Flavio Tosi, sindaco di Verona, città del Vaticano
di Michele Martelli
Immortalato di recente, con tanto di foto-ricordo, da un paginone dello storico “Giornale” di famiglia. Flavio Tosi, il sindaco leghista di Verona, in segno di protesta contro la sentenza della Corte europea di Strasburgo, si è lasciato fotografare nel suo ufficio, con alle spalle il ritratto di Benedetto XVI sovrastato dal crocifisso, dopo aver staccato dalla parete l’immagine del Presidente della Repubblica Giorgio Napolitano: «Ho messo il papa e sopra il papa il crocefisso perché questi sono i simboli dei valori in cui profondamente credo»; «nessuno di noi oserebbe mai staccare il crocefisso dalla casa dove vive».

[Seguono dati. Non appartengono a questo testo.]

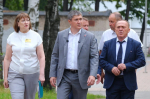 В Краснокамске разрабатывают проект нового корпуса политехнического техникума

Ma il Municipio di Verona è casa privata di Flavio Tosi, o casa comune dei cittadini di Verona? A casa sua, Tosi può appendere il simbolo di ciò che vuole, ma nel Palazzo comunale, che è casa dei veronesi, no. Tosi confonde privato e pubblico, religione e politica, Chiesa e Stato. Come Berlusconi, che agita il crocifisso contro la Corte di Strasburgo. Bisogna aspettarsi che anche il premier, a Palazzo Chigi, ripeta il gesto di Tosi? che, escluso dalla Perdonanza aquilana, voglia così ottenere in altro modo il perdono di Bertone?

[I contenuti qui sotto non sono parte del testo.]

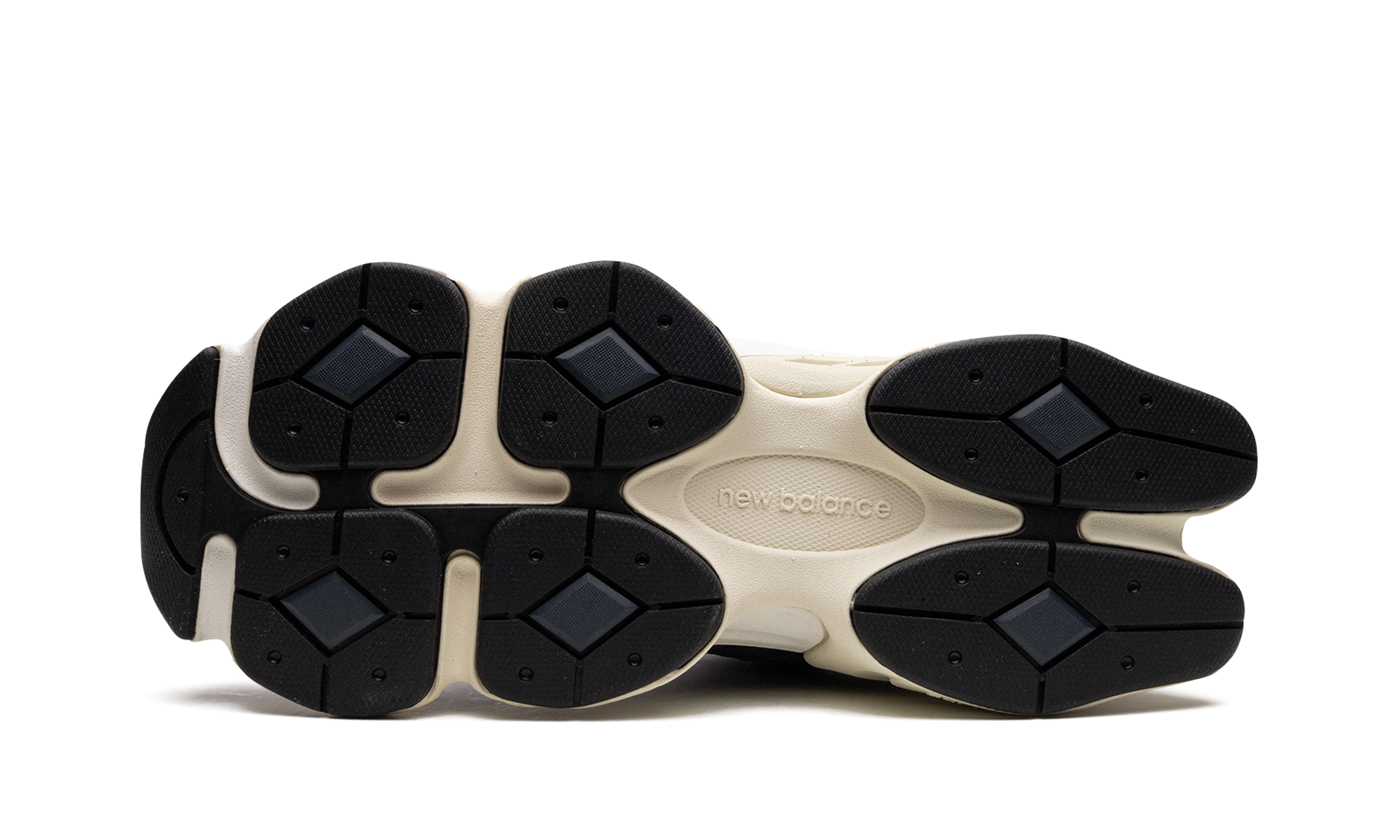 New Balance 9060 Navy White 9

C’è da chiedersi se Tosi crede di vivere nell’Italia laica e repubblicana, o in un’altra Italia, un’Italia teocratica, clerical-vaticana. Se il suo capo di Stato sia Napolitano o Ratzinger. Se la sua Verona sia città italiana, o colonia papale. E se infine il suo croce-leghismo non sia oggi una intollerabile offesa alla Costituzione democratica. E ai cittadini italiani. Quanti sono i veronesi non credenti o non cattolici? Quanti nella stessa Lega padana i non cattolici? E quanti tra i cattolici, leghisti o non leghisti, si riconoscono nel prode gesto di Tosi? Un sindaco, poniamo, comunista dovrebbe appendere nel suo ufficio Falce-e-martello, simbolo dei valori in cui crede? O se di altra fede, magari sportiva, il simbolo di quella fede?

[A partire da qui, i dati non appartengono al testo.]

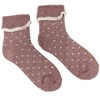 Women’s Luxurious Soft Fluffy Wool Blend Cuff / Sofa /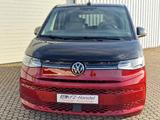 Volkswagen T7 Multivan  DSG*ACC*Navi*6-Sitzer*AHK*Standheiz - VW T7 Multivan Gebrauchtwagen in Wuppertal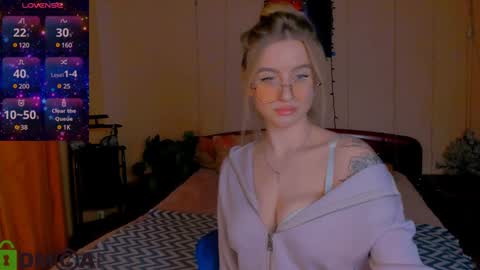 elinor_faith online show from January 9, 12:19 pm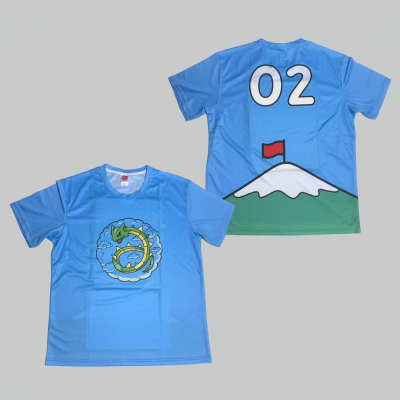 幸安502(高爾排汗-全彩數位昇華)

La democrazia è pluralismo, rispetto delle minoranze e del dissenso, fosse anche uno solo il dissidente, il diversamente pensante. Il sindaco di Verona è stato eletto a maggioranza; ma chiunque, una volta eletto, è sindaco di tutti, non di una parte. La maggioranza che ha eletto Tosi non gli dà il diritto, anzi l’arbitrio, di prevaricare sugli altri. Il governo della maggioranza non è la dittatura della maggioranza. Perciò l’uomo pubblico, in democrazia, non esibisce simboli di parte. Negli spazi istituzionali, l’unico simbolo è la Costituzione.
Chissà perche non si organizzano corsi obbligatori di studio della Costituzione e di formazione alla cittadinanza democratica anche per gli amministratori!